Mommyversum - Meet Louisa
Here, at Mommyversum January has been all about the mind and how physical practices can support our mental health. I wanted to continue the same theme on the interview series too. Let me introduce you to a very special mom, Louisa, who is the founder and editor of A Mama’s Mind magazine. If you are interested in mindfulness, yoga and living a conscious life as a mom, you should really check out her site. I’ve found Louisa first on Instagram as @amamasmindmag and I have been deeply inspired by her beautifully written captions and her posts have been gems on my feed ever since. I hope you’ll enjoy getting to know her and her new venture.
Hi Lousia, Thank you so much for coming on the series. Could you tell us a little bit about yourself?
My name is Louisa. I recently moved to sunny Bournemouth in Dorset (UK) having spent all of my life previously a lot closer to London. So, now, my husband and I are raising our two children: a boy aged nearly 5, and a girl approaching 9 months, by the sea.
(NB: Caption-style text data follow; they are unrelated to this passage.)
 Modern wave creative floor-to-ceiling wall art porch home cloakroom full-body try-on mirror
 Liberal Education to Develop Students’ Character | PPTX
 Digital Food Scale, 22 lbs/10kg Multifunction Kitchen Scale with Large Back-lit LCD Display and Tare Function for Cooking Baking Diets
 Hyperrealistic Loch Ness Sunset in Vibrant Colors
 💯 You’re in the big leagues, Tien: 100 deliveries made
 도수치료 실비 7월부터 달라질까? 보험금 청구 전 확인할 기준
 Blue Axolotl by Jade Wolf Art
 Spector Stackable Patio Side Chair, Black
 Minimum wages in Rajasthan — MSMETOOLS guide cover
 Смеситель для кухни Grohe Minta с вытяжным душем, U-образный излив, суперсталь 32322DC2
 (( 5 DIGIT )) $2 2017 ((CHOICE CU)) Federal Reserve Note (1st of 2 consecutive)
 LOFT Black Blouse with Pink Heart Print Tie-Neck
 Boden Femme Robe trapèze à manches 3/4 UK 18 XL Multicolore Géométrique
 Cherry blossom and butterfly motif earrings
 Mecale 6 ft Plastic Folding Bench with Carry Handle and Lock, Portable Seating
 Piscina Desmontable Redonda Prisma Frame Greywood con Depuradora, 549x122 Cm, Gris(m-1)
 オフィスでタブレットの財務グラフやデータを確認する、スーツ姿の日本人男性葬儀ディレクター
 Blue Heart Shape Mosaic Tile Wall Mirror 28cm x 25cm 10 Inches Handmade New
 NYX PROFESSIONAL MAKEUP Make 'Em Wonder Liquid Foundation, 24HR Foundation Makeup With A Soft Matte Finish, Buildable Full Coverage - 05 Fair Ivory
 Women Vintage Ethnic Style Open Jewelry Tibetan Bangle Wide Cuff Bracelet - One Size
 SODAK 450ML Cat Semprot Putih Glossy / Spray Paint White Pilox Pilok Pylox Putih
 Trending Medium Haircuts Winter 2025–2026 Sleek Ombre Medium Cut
It’s a decision that we made for various reasons, but we haven’t regretted it so far. We’ve really enjoyed the change of pace and we relish the sense of adventure that it’s brought to our lives.
Before becoming a mother, I was busy working across three industries: the creative industry as a photography and film stylist in London. Enjoying this ‘work’ (if I may call it that) enabled me to not only meet many different types of wonderful people, but to experience some very exciting, and sometimes even very glamorous, projects that encompassed commercial and editorial film and photo shoots.
It was fast-paced and I really enjoyed it in my twenties. Though, due to back pain, I found it increasingly difficult to take part. Especially once my body began carrying new life. So, while pregnant I began focusing on my freelance writing and merging it with my experience of working within the third sector. Primarily in the mental health arena. Which at the time involved both a part-time job for a national mental health charity, as an advisor working with people on their recovery journeys, and, separately, my long-term work with one of the first in the new wave of women’s wellbeing publications: Sanctuary Magazine.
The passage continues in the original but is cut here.